Читаем Монтайю, окситанская деревня (1294-1324) полностью

Отметим сложную организацию связанной с бедностью проблематики, в том виде, в каком ее преподносят нам люди из Монтайю: «добрым людям» делают подношения (подаяние), поскольку предполагается, что они живут в добровольной бедности, возможно, трудовой. С другой стороны, всем хочется, чтобы монахи и священники вообще (но не Пьер Клерг в частности...) взялись за работу, оставили свой образ жизни, основанный на получении богатства путем эксплуатации ближних, и также добровольно перешли в состояние суровой и нуждающейся бедности. Раймон из Лабюра, житель прихода Кие, хотел бы видеть бедную церковь, без стен, и чтобы кюре и клирики принялись пахать и мотыжить землю (II, 315). За всеми антиклерикальными рассуждениями в Сабартесе всегда торчат эти уши.

* * *

Монтайонская бедность, рассматриваемая как идеал и как коллективное представление, двояка, если не трояка. Она связана с древним и по-прежнему живым недовольством действительно бедных горных областей[942]. Она опирается — и очень часто благодаря своеобразному посредничеству альбигойства — на христианство обоих Заветов: «начиная с Иова и Евангелий, христианство сделало из бедности одну из основных ценностей». Наконец, она конъюнктурна, поскольку связана со специфическими ценностями «долгого» XIII века, продолжающегося еще и после 1320 года: «XIII век — это век бедности, нищенствующих орденов, Domina Paupertas, Госпожи Бедности св. Франциска Ассизского»[943]{390}

С небесной точки зрения идеал бедности связан со спасением души того, кто дает подаяние, и дает его по возможности людям, того заслуживающим своей добровольной бедностью. С земной точки зрения положительная оценка желаемой, и иногда нежелаемой бедности позволяет облегчить, не больше того, положение некоторых нуждающихся, содержать «добрых людей» и, наконец, создать еще утопический идеал духовенства, которое своим трудом и потом зарабатывало бы на жизнь; так оно стало бы достойным щедрости верующих, гарантируя им спасение. Круг, таким образом, замыкается.
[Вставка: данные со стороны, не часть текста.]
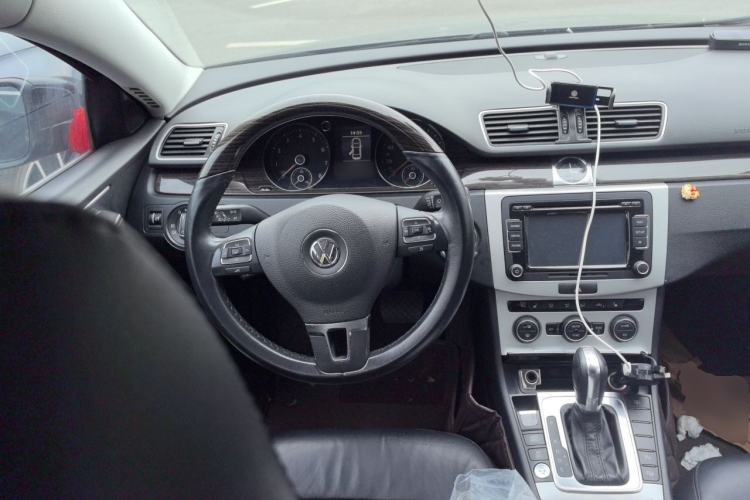 Used Volkswagen Magotan 2013 2.0 TSI Prestige Model Steering Wheel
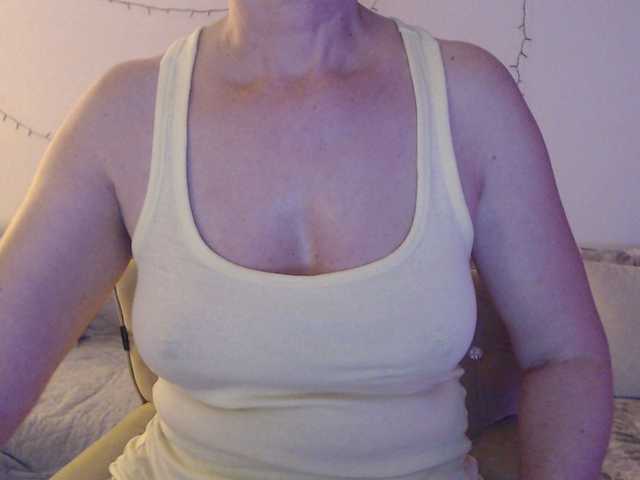 goodSnowQueen's BongaCams show and profile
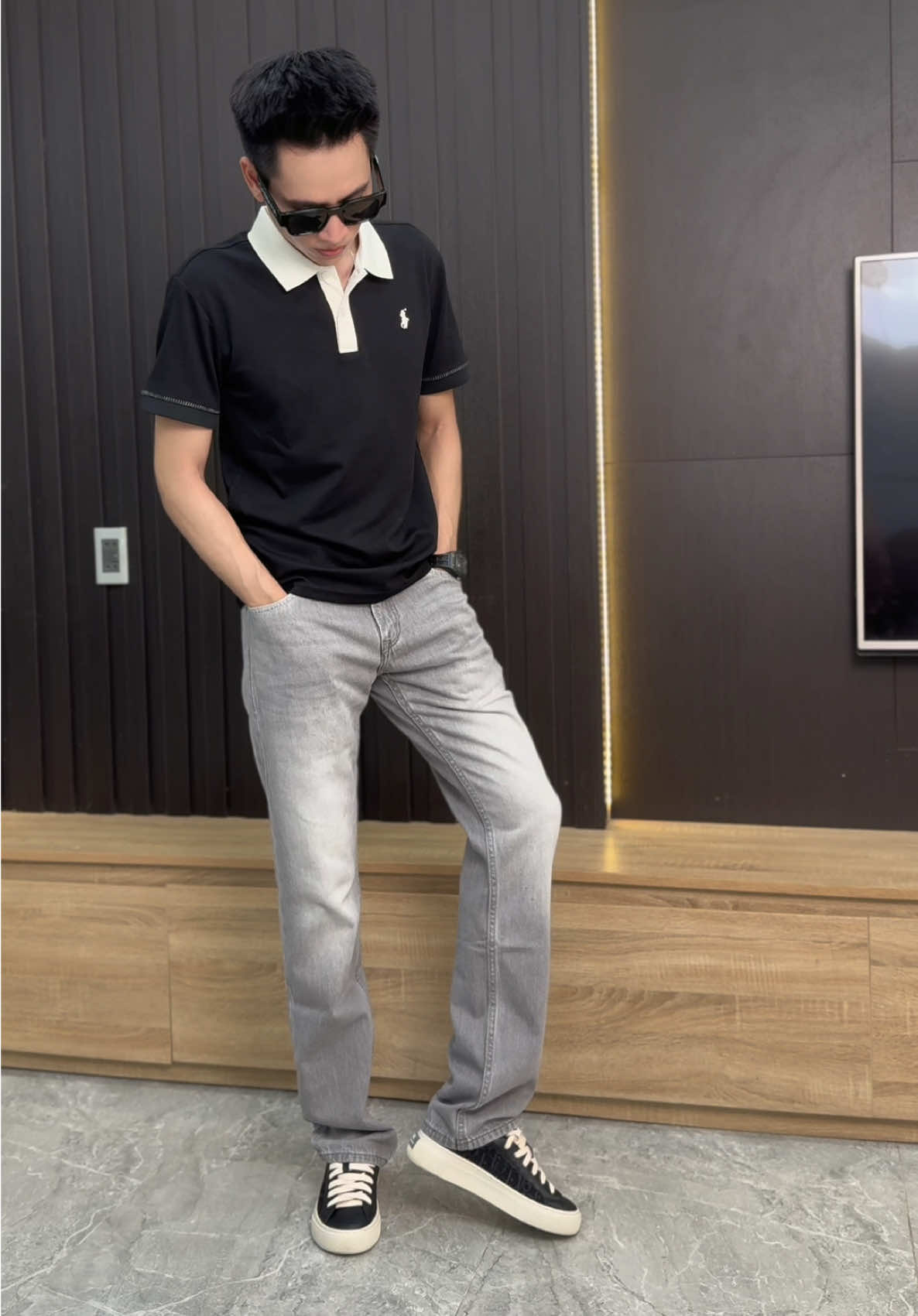 Quần jean xám hàng V.N.X.K cao cấp form suông đứng ae nhé ⚜️⚜️#mrnhaluxury #jeansuong #quanaonam #quansuongdung #quanjeansuong 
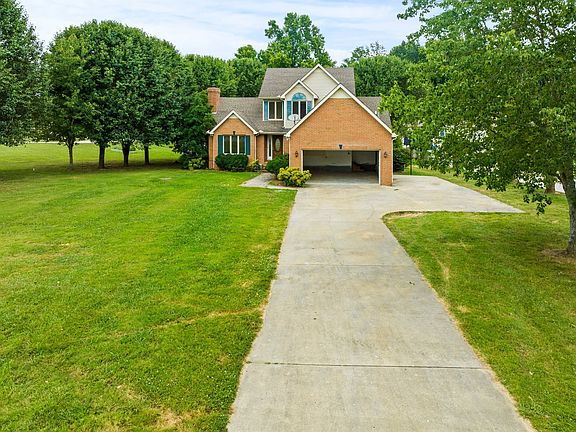 4th image of 501 Waters Edge Dr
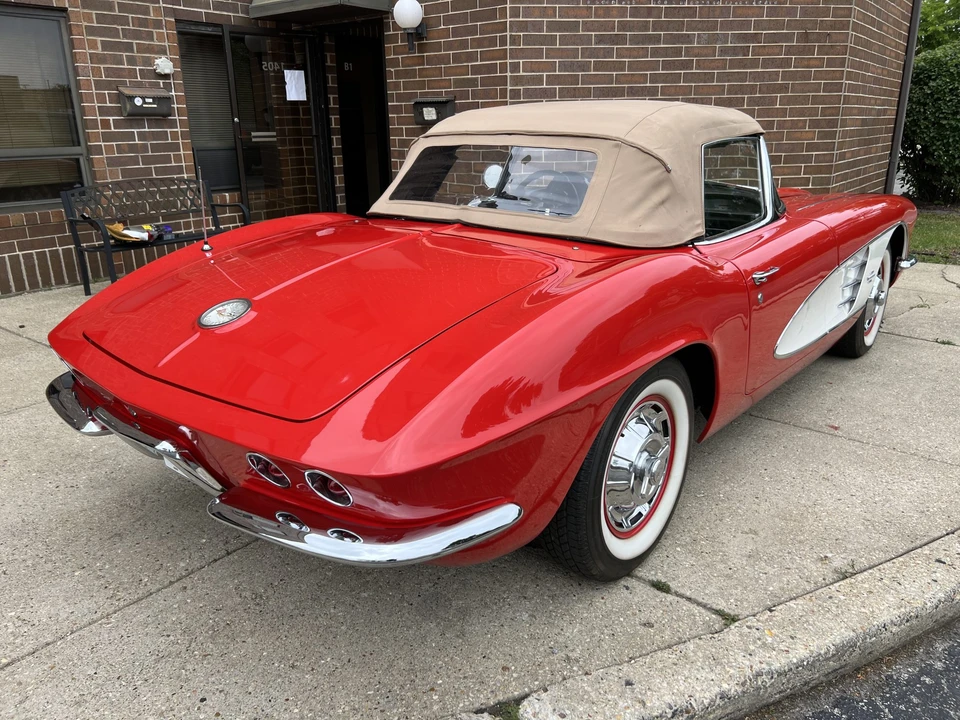 1961 Chevrolet Corvette C1 - Image 17 of 31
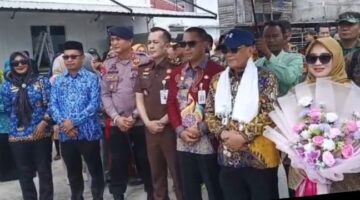 Bupati Rohil Terjun Langsung ke Panipahan, Tegaskan Infrastruktur Wilayah Pesisir Jadi Prioritas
Во всем этом нет ничего принципиально революционного. Восхваление бедности целиком и полностью совместимо с приличным существованием domus, с подарками domus богатых domus бедным[944], с оправданием — не больше — тяжелого труда, который ни в коей мере не предполагает отказа местных жителей от сиесты или отдыха на солнышке. В одном пункте, однако, похвалы, расточаемые идеализированной бедности, приобретают характер протеста: выдвигая на передний план идеал бедной церкви, более соответствующий задачам спасения души, они подрывают претензии клириков-десятинников, которых обвиняют в том, что они вторглись в Сабартес, дабы стричь шерсть со своей горской паствы. Мир замкам, война церквам, — монтайонский и сабартесский протест охотно это прокламирует. Он щадит уже существующие мирские богатства и знатные роды, которым легче, таким образом, время от времени вступать с ним в союз. Это оборачивается против того, что представляется наиболее внешним по отношению к породившему его обществу или наименее соответствующим идеалу спасения. Против официальной церкви, которая обходится дорого, но не спасает души. Порой также против новоявленного капиталистического накопления, которое разрушает иерархическую систему domus и которое воплощено в практике ростовщичества. И особенно против «нищенствующих» орденов, справедливо или нет обвиняемых в неправедно нажитом богатстве и в волчьей прожорливости. Действительно, братья-минориты и братья-проповедники являются передовым отрядом городского господства[945]; дело доходит до того, что они становятся символом угнетения невинной деревни городом Памье, этим Вавилоном графства Фуа. В действительности нападают не на богатство как таковое, а на дурной жир неправедных богатеев, «нищенствующих» клириков и монахов: они эксплуатируют деревню, не обеспечивая взамен небесной помощи и защиты, помощи и защиты, которые привычно — порой даже слишком навязчиво! — оказывают крупные светские domus и богатые линьяжи округи[946]{391}.

* * *

Таково положение Госпожи Бедности в небогатой вообще деревне начала XIV века. Ей суждена долгая жизнь, на протяжении которой она сохранит здесь и в других местах свое обаяние: многие недоброжелатели духовенства, вплоть до совсем недавних времен, будут упрекать церковь не в том, что она является церковью, а в том, что она не является церковью бедной, которая в мире обездоленных тем надежнее держит в руках ключи от неба, чем меньше держится за земные блага. И с более общей точки зрения: реальное и нормативное осознание бедности, столь заметное в крестьянской культуре уже с 1300 года, является всегда возможной, но не всегда актуализированной прелюдией социальной борьбы. Главной мишенью которой в нашем регионе является церковь.